■ ACTIVITY ■
Copy only what lies from the line containing "SemiD Fully Furnished" through the line containing "#419 100 FOXHAVEN DR — photo 32" in the entries below, keeping both end lines exact and dropping every picture.

■ RECORDS FOR THE EXERCISE ■

______

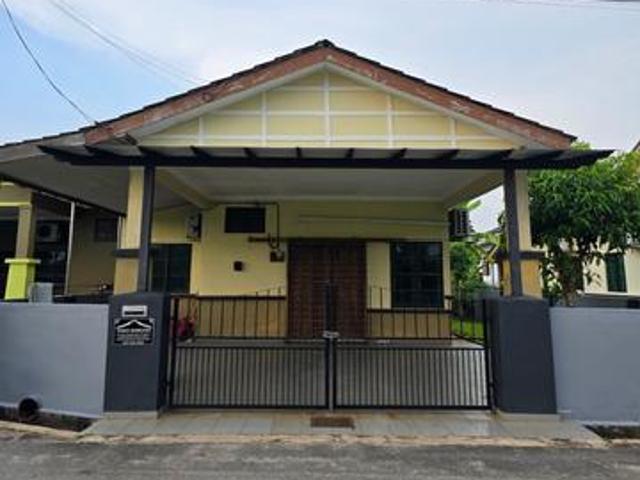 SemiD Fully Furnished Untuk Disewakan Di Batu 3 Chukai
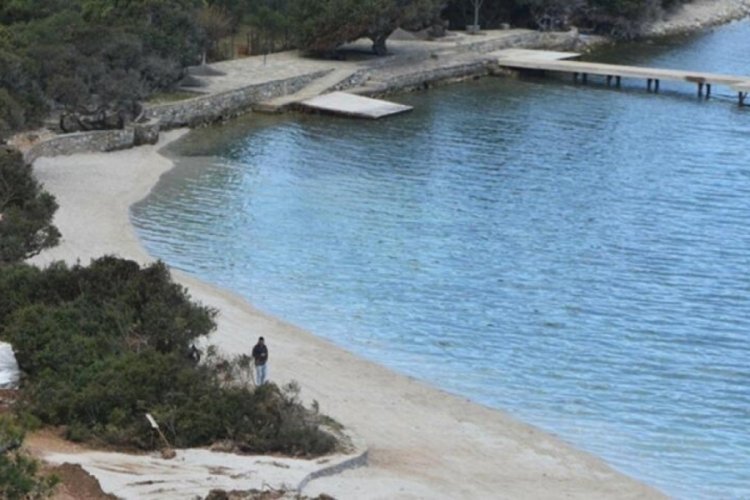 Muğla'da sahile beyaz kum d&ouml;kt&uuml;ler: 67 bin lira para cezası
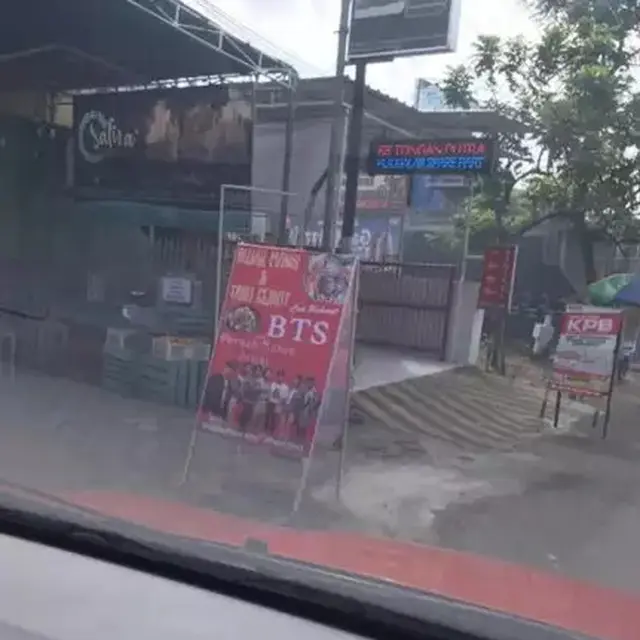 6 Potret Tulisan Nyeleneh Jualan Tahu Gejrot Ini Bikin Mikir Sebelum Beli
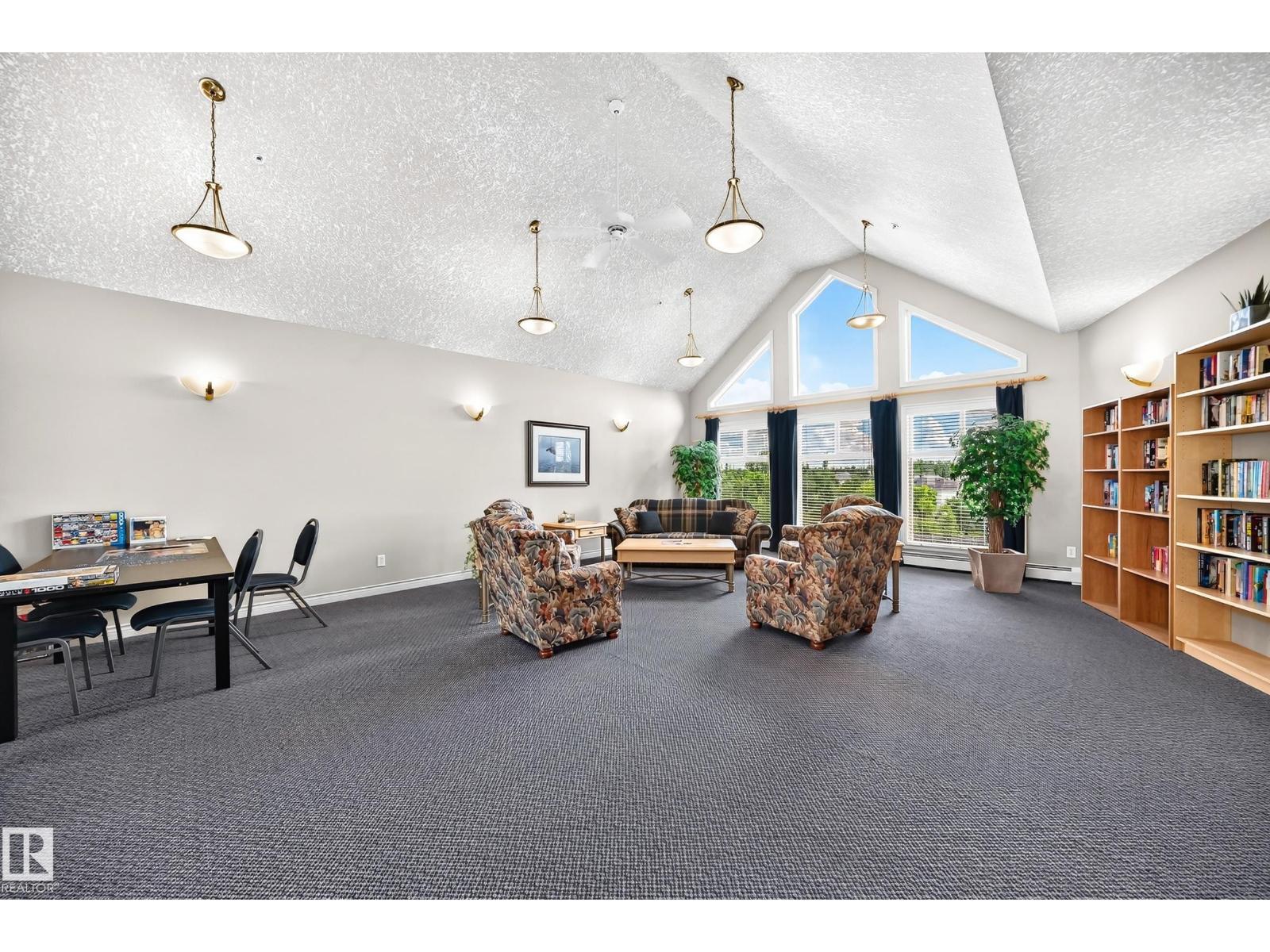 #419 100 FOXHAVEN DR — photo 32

______

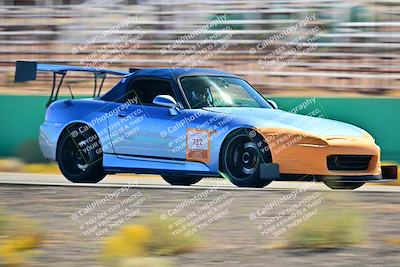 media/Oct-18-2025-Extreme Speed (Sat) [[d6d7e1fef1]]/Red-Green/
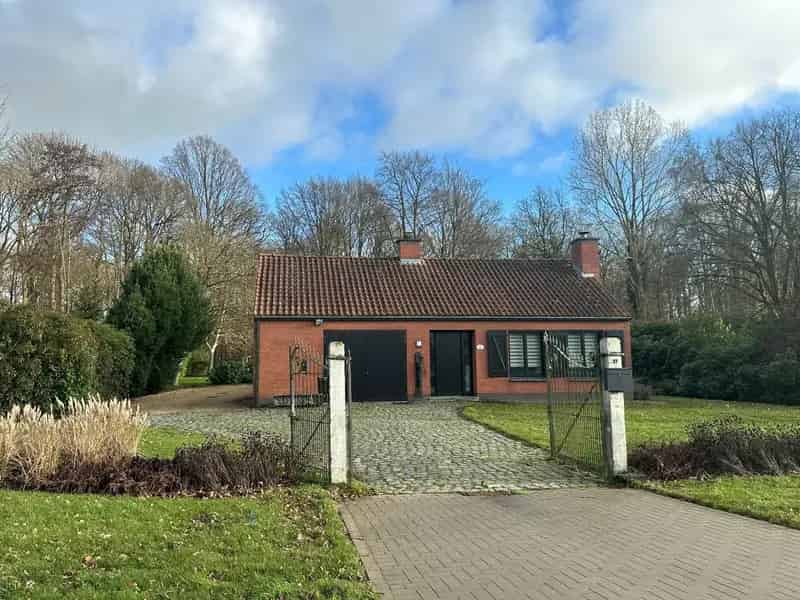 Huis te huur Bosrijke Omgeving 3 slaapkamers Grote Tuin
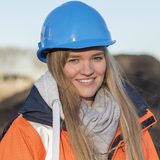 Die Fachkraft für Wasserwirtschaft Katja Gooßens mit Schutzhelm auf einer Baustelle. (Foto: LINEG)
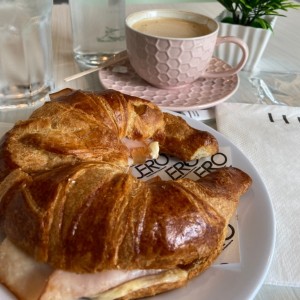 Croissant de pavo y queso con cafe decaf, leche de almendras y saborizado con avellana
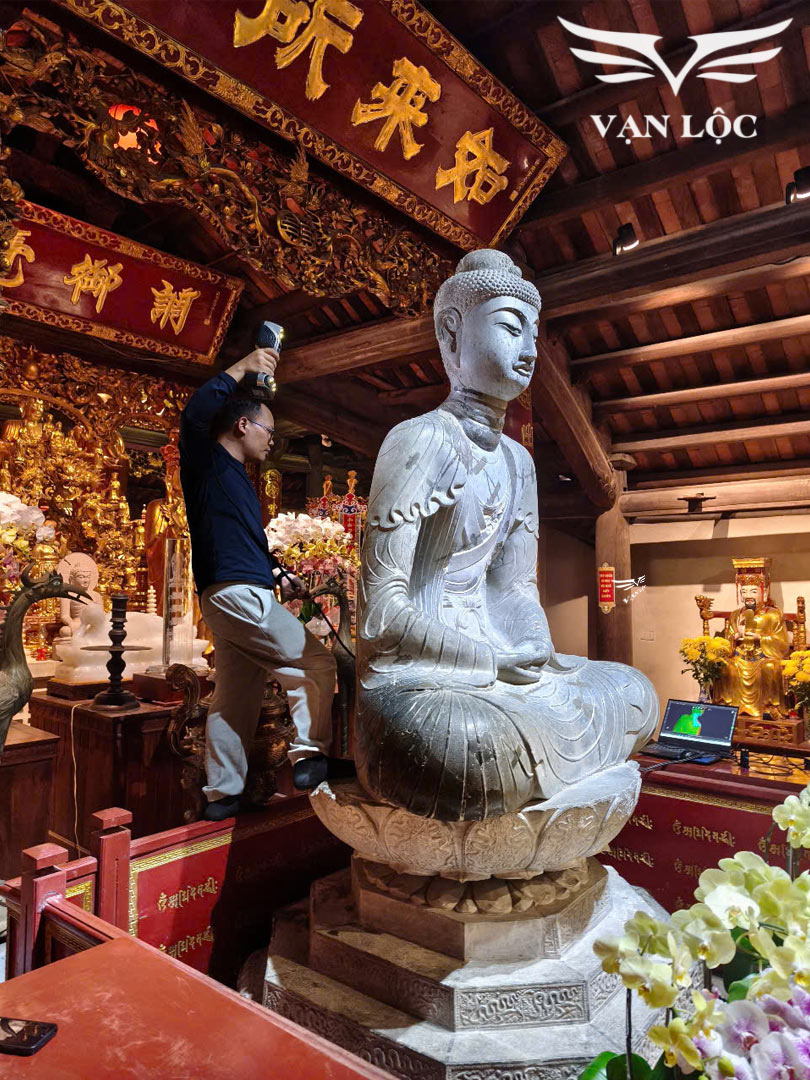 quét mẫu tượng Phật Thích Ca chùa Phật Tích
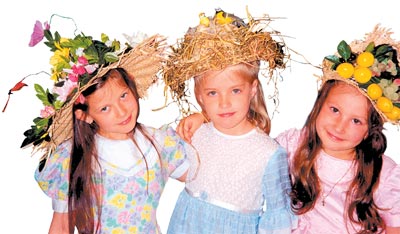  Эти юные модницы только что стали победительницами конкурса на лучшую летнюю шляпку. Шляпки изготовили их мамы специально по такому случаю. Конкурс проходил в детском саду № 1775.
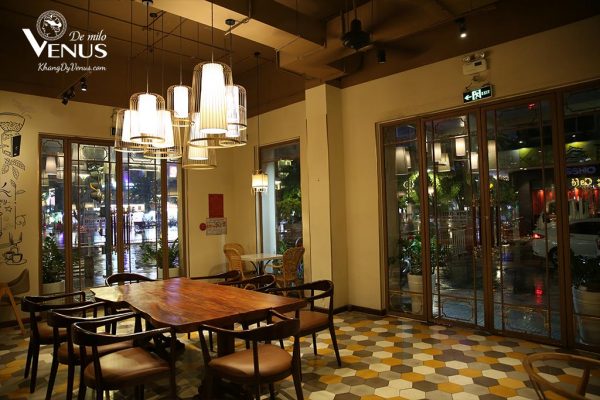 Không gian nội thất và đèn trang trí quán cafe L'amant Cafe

______

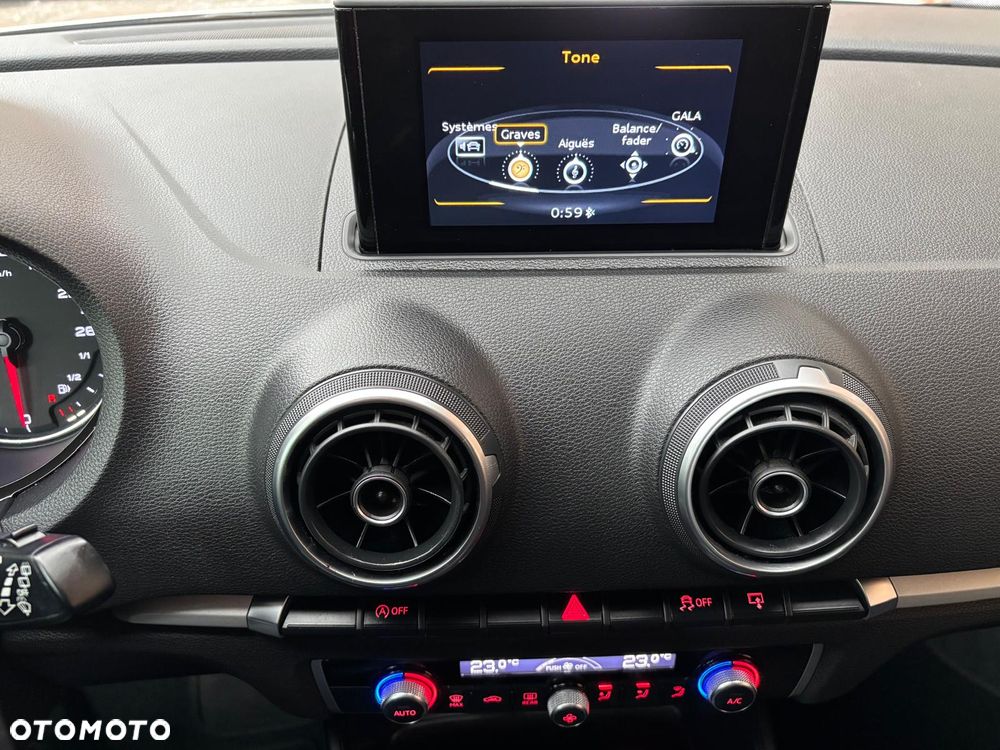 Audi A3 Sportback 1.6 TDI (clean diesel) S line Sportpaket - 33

______

■ EXPECTED ANSWER ■
 SemiD Fully Furnished Untuk Disewakan Di Batu 3 Chukai
 Muğla'da sahile beyaz kum d&ouml;kt&uuml;ler: 67 bin lira para cezası
 6 Potret Tulisan Nyeleneh Jualan Tahu Gejrot Ini Bikin Mikir Sebelum Beli
 #419 100 FOXHAVEN DR — photo 32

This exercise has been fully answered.